Fanny Morton showed her colors. There was no suggestion of sweetness in her voice now.

"I mean that every one knows that Mr. Takashima killed himself because he was in love with Miss Ballard; because she let him believe on the boat that she reciprocated his—affection, and the night of the ball she told him the truth. He killed himself, they say, hardly an hour after he had seen her."

Jenny Davis stood right at the back of them. She had heard the woman's venomous words, but was powerless to refute them. Sinclair felt her eyes fixed on him with an entreaty that was pitiful.

He raised his hat to Fannie Morton.

"I will wish you good morning," he said, cuttingly, and that was all.

Then he turned to the other woman.

"Let us go in here," he said, and drew her into a small sitting-room.

"What does that woman mean?" he asked.

Mrs. Davis had broken down.

"We can't keep on pretending any longer, Mr. Sinclair. Yes; it is true, what she says. Poor Cleo did lead him on, thoughtlessly—you know the rest."

A look of dogged sternness began to settle on Sinclair's face.

"Then she was the real cause of——"

"No! no! don't say that. Arthur, she never intended doing any harm. Cleo would not willingly harm anything or any one. She really liked him. Tom will tell you. It was the reason why she never had the heart to tell him—of—of her engagement to you."

For a long time the two sat in moody silence.
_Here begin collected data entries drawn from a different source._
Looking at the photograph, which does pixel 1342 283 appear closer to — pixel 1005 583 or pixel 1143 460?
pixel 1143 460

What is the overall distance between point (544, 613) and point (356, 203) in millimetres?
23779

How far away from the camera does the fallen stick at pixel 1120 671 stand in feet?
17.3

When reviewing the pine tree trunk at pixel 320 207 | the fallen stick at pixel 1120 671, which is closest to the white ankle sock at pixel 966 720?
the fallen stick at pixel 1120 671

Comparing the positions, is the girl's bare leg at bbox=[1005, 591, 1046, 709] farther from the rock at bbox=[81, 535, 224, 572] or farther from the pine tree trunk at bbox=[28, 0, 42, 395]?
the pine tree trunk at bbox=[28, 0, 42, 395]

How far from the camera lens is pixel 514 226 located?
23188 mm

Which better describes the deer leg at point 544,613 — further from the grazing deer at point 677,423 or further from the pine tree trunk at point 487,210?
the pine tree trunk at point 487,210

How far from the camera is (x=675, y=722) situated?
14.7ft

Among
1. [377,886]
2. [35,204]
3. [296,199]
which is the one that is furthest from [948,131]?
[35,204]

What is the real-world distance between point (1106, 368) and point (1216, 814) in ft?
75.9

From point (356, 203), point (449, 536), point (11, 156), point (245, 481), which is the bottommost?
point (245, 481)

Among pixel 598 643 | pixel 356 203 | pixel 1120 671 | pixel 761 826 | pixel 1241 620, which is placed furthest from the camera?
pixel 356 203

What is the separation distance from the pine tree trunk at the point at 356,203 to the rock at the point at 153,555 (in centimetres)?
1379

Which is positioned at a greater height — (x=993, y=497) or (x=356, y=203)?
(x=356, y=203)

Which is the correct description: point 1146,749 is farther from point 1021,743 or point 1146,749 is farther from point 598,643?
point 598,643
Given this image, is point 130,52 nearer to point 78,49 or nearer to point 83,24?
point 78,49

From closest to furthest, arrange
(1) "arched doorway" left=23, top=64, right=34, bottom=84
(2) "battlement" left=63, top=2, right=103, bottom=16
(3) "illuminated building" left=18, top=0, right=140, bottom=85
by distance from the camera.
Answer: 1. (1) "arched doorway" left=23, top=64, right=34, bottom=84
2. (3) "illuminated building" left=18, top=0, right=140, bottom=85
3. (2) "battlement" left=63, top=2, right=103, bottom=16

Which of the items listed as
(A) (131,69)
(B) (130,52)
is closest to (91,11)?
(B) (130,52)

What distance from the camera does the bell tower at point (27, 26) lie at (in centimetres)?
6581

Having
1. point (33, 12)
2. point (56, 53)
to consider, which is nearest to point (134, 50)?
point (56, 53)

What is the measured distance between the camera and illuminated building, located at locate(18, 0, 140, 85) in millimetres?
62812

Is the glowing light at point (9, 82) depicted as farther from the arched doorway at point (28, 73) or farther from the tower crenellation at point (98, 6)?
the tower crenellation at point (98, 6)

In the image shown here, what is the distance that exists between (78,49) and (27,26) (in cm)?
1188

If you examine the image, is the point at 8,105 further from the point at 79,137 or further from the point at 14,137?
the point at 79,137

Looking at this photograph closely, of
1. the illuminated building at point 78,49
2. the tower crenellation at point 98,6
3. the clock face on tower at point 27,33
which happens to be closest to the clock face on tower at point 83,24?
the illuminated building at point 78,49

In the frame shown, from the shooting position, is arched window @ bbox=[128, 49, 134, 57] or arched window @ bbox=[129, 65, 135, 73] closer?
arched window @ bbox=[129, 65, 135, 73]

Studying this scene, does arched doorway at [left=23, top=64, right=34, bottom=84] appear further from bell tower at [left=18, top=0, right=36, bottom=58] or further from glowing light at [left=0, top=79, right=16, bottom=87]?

Then Sinclair said, almost bitterly: "And it was for her that Numè suffered."

"Why, Numè—is—what do you mean?" the other asked, showing signs of hysteria.

"Yes; Mrs. Davis, I know the truth," he said, grimly. "I understand that you thought you were really serving Cleo and myself by acting so—but—well, a man is not cured of love so easily, you know. She (Numè) gave me up because she did not want to spoil a good woman's life, as she thought, after what you told her. This same woman did not scruple to take from her the man who might have comforted her after everything else had failed. Now she is utterly alone."
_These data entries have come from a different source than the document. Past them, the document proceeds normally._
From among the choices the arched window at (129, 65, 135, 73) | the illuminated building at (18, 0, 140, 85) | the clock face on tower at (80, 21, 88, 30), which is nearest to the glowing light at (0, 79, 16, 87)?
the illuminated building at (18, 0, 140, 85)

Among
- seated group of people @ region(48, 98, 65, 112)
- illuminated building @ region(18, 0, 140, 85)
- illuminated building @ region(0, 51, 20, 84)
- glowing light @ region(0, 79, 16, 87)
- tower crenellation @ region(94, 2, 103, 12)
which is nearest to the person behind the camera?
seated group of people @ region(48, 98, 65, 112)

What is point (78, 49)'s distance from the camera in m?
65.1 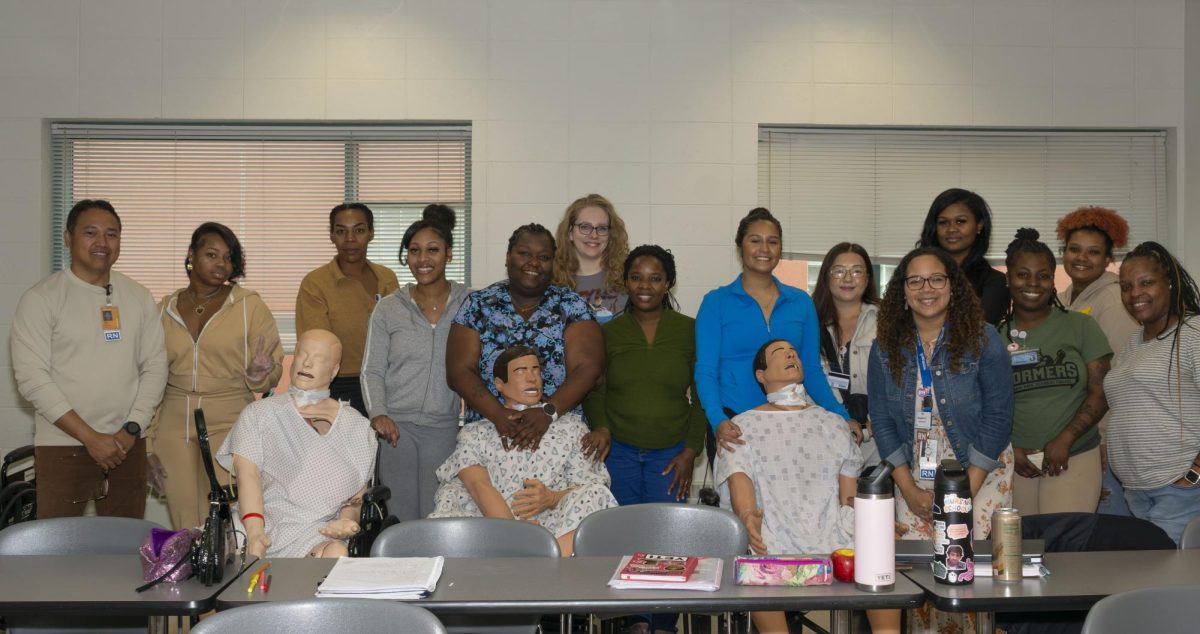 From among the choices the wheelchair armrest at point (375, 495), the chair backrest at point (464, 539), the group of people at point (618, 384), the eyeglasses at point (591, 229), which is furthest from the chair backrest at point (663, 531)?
the eyeglasses at point (591, 229)

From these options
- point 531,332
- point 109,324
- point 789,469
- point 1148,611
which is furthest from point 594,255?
point 1148,611

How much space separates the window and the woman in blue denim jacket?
3.26 meters

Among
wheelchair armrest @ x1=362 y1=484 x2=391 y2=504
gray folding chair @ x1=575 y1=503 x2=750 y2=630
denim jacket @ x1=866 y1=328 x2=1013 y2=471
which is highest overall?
denim jacket @ x1=866 y1=328 x2=1013 y2=471

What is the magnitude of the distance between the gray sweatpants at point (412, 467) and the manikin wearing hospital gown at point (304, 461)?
49 centimetres

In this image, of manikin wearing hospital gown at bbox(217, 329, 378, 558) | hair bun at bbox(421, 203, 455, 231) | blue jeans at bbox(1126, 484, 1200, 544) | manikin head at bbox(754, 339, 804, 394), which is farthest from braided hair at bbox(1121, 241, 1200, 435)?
hair bun at bbox(421, 203, 455, 231)

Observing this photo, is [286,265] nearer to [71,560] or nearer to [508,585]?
[71,560]

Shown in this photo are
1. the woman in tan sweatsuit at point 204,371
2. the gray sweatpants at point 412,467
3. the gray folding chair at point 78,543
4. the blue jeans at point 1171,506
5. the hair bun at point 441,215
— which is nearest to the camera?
the gray folding chair at point 78,543

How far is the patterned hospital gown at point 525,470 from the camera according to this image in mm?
3951

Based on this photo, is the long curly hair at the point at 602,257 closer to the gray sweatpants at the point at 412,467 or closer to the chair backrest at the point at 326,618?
the gray sweatpants at the point at 412,467

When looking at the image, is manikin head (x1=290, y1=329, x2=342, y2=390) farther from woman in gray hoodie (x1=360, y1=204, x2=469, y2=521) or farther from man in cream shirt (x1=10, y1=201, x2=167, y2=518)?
man in cream shirt (x1=10, y1=201, x2=167, y2=518)

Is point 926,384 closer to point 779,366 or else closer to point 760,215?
point 779,366

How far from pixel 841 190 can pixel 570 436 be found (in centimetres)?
301

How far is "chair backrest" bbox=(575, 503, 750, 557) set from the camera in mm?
3162

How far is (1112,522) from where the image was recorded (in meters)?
3.14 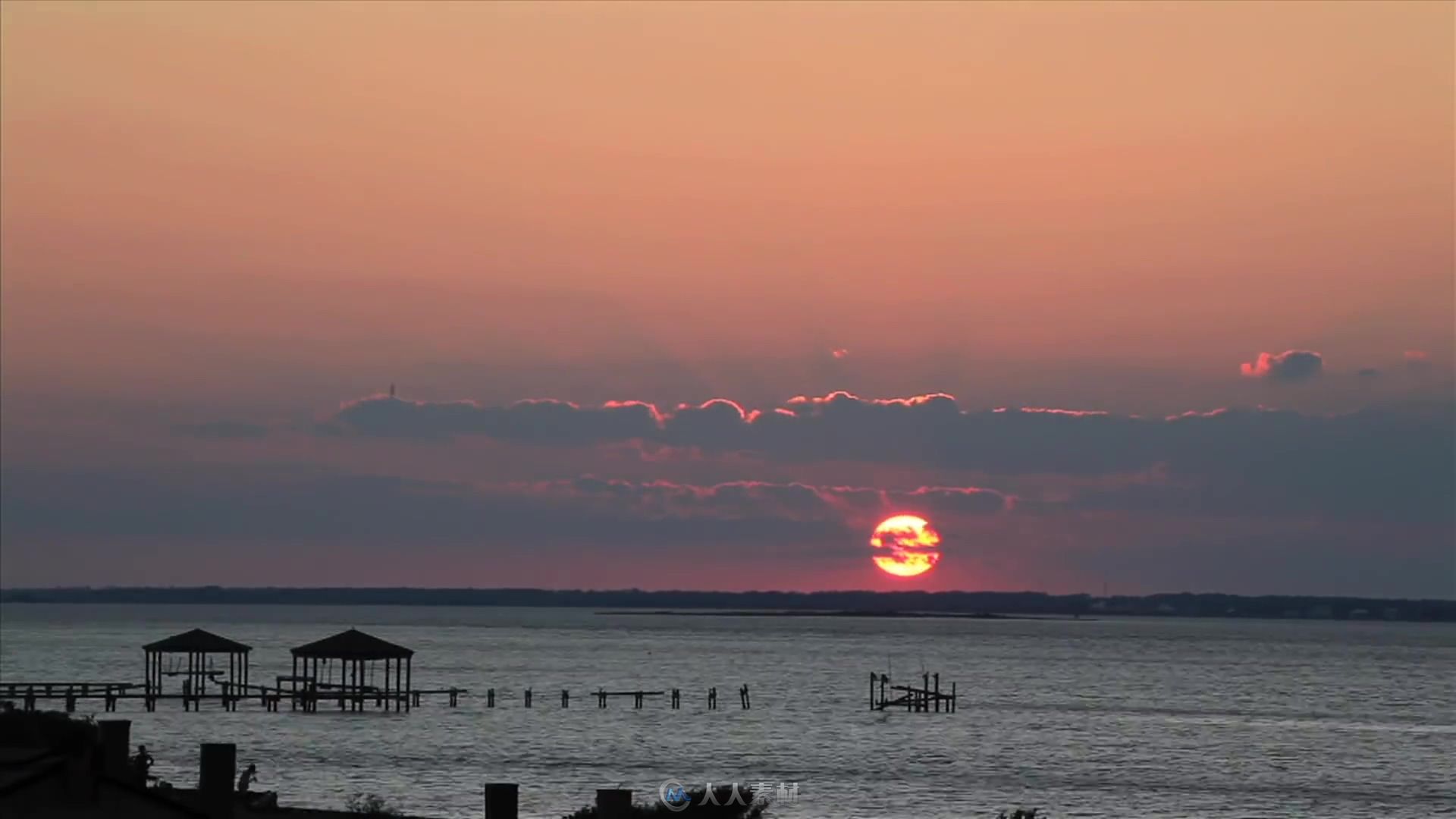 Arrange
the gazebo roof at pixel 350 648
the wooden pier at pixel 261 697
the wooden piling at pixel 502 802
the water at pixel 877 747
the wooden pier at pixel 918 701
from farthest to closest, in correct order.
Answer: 1. the wooden pier at pixel 918 701
2. the wooden pier at pixel 261 697
3. the gazebo roof at pixel 350 648
4. the water at pixel 877 747
5. the wooden piling at pixel 502 802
"I won't say anything now," Mrs. Davis said, bitterly. "I can't defend myself. You would not understand. It is easy to be hard where we do not love;—that is why you have no mercy on Cleo."

"I am thinking of Numè," the man answered.

"May I ask what you intend to do?"

"Last night I was uncertain. This morning, now that I know the truth, things are plain before me. I am going to Numè," he added, firmly.

"But Cleo?" the other almost implored.

"I cannot think of her now."

"But you will have to see her. What can you tell her? We are hiding from her, as best we can, the fact of—of the tragedy. That would kill her; as for your ceasing to care for her, she suspected the possibility of it long ago, and might survive that. Yet how can she know the one without the other?"

Sinclair remained thinking a moment.

"There is only one way. Let her think of me what she will. You are right; if possible the truth—even Takashima's death—must be kept from her so long as she is too weak to bear the knowledge. Can we not have her make the return voyage soon? I will write to her, and though it will sound brutal, I will tell her that the reason why I cannot be more to her than a friend is—because I—I do not love her,—that I love another woman."

Mrs. Davis was weeping bitterly. All her efforts and plans had been of no avail in Cleo's behalf. She saw it now, and did not even try to hold Sinclair.

"Yes," she said, almost wildly. "Go to Numè—she will comfort you. At least your sorrows and hers have ended, now. But as for ours—Cleo's and mine, for I have always loved her better than if she were my own sister—we will try to forget, too."